Work instructions:
Please take the records that follow and repeat exactly the lines starting with the line with "Hotell Captain's 2*" and going on through the line with "Amber Blazer in Oatmeal Bluesy Beaded Floral".

Input data:
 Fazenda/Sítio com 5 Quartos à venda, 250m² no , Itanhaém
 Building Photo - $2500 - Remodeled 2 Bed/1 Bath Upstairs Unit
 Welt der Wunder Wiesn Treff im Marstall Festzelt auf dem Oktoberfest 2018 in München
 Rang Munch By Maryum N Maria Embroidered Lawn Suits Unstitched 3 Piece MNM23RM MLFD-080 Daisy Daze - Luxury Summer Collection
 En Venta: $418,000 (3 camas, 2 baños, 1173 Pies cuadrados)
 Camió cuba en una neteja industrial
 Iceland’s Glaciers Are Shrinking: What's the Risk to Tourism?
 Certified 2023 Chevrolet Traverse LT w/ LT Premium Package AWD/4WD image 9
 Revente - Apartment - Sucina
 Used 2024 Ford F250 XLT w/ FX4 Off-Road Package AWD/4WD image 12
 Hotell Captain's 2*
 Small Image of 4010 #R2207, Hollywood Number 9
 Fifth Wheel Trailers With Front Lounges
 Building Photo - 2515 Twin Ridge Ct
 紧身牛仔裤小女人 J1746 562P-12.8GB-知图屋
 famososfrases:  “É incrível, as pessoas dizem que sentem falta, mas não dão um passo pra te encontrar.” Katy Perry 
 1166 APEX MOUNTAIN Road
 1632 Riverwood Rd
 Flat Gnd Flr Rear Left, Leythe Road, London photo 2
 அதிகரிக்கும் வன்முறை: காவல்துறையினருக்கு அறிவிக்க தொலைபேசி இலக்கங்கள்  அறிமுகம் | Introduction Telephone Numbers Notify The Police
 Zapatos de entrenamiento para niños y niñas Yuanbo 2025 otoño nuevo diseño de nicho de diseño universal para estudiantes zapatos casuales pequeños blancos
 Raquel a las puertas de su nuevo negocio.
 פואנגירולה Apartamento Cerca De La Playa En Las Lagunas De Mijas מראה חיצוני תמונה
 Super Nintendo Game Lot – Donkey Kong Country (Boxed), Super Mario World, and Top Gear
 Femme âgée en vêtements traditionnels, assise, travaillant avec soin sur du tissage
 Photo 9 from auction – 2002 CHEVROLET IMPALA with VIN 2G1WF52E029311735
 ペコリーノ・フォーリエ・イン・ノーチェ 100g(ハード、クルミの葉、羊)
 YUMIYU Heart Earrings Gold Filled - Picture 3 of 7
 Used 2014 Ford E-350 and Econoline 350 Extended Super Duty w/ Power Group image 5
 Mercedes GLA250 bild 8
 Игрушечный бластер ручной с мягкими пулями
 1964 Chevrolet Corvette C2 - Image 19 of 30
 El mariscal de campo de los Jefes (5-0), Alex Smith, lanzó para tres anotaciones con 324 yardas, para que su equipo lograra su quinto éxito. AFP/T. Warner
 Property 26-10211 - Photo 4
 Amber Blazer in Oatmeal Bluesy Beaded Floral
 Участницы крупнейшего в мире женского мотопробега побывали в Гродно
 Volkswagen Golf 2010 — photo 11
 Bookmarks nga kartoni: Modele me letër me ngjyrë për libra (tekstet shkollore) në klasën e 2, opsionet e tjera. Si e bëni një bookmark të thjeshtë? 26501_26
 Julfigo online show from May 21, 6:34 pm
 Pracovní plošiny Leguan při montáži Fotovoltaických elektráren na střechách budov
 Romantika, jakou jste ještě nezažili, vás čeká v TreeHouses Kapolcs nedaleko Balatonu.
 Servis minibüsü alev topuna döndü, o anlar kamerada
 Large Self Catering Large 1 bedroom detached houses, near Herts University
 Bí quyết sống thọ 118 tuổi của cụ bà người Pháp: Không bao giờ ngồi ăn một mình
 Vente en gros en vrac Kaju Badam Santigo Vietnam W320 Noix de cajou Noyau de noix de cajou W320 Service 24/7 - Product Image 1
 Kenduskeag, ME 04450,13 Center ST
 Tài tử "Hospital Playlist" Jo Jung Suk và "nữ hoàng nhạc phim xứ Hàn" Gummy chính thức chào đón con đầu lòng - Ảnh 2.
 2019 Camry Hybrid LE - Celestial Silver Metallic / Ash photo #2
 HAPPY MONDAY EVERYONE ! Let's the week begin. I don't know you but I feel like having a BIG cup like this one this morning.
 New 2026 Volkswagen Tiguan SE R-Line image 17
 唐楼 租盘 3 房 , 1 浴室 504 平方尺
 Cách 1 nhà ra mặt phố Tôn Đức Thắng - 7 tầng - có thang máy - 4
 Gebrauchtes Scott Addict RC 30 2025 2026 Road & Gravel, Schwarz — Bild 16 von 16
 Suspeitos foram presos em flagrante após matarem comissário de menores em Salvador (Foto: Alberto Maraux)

Completed task:
 Hotell Captain's 2*
 Small Image of 4010 #R2207, Hollywood Number 9
 Fifth Wheel Trailers With Front Lounges
 Building Photo - 2515 Twin Ridge Ct
 紧身牛仔裤小女人 J1746 562P-12.8GB-知图屋
 famososfrases:  “É incrível, as pessoas dizem que sentem falta, mas não dão um passo pra te encontrar.” Katy Perry 
 1166 APEX MOUNTAIN Road
 1632 Riverwood Rd
 Flat Gnd Flr Rear Left, Leythe Road, London photo 2
 அதிகரிக்கும் வன்முறை: காவல்துறையினருக்கு அறிவிக்க தொலைபேசி இலக்கங்கள்  அறிமுகம் | Introduction Telephone Numbers Notify The Police
 Zapatos de entrenamiento para niños y niñas Yuanbo 2025 otoño nuevo diseño de nicho de diseño universal para estudiantes zapatos casuales pequeños blancos
 Raquel a las puertas de su nuevo negocio.
 פואנגירולה Apartamento Cerca De La Playa En Las Lagunas De Mijas מראה חיצוני תמונה
 Super Nintendo Game Lot – Donkey Kong Country (Boxed), Super Mario World, and Top Gear
 Femme âgée en vêtements traditionnels, assise, travaillant avec soin sur du tissage
 Photo 9 from auction – 2002 CHEVROLET IMPALA with VIN 2G1WF52E029311735
 ペコリーノ・フォーリエ・イン・ノーチェ 100g(ハード、クルミの葉、羊)
 YUMIYU Heart Earrings Gold Filled - Picture 3 of 7
 Used 2014 Ford E-350 and Econoline 350 Extended Super Duty w/ Power Group image 5
 Mercedes GLA250 bild 8
 Игрушечный бластер ручной с мягкими пулями
 1964 Chevrolet Corvette C2 - Image 19 of 30
 El mariscal de campo de los Jefes (5-0), Alex Smith, lanzó para tres anotaciones con 324 yardas, para que su equipo lograra su quinto éxito. AFP/T. Warner
 Property 26-10211 - Photo 4
 Amber Blazer in Oatmeal Bluesy Beaded Floral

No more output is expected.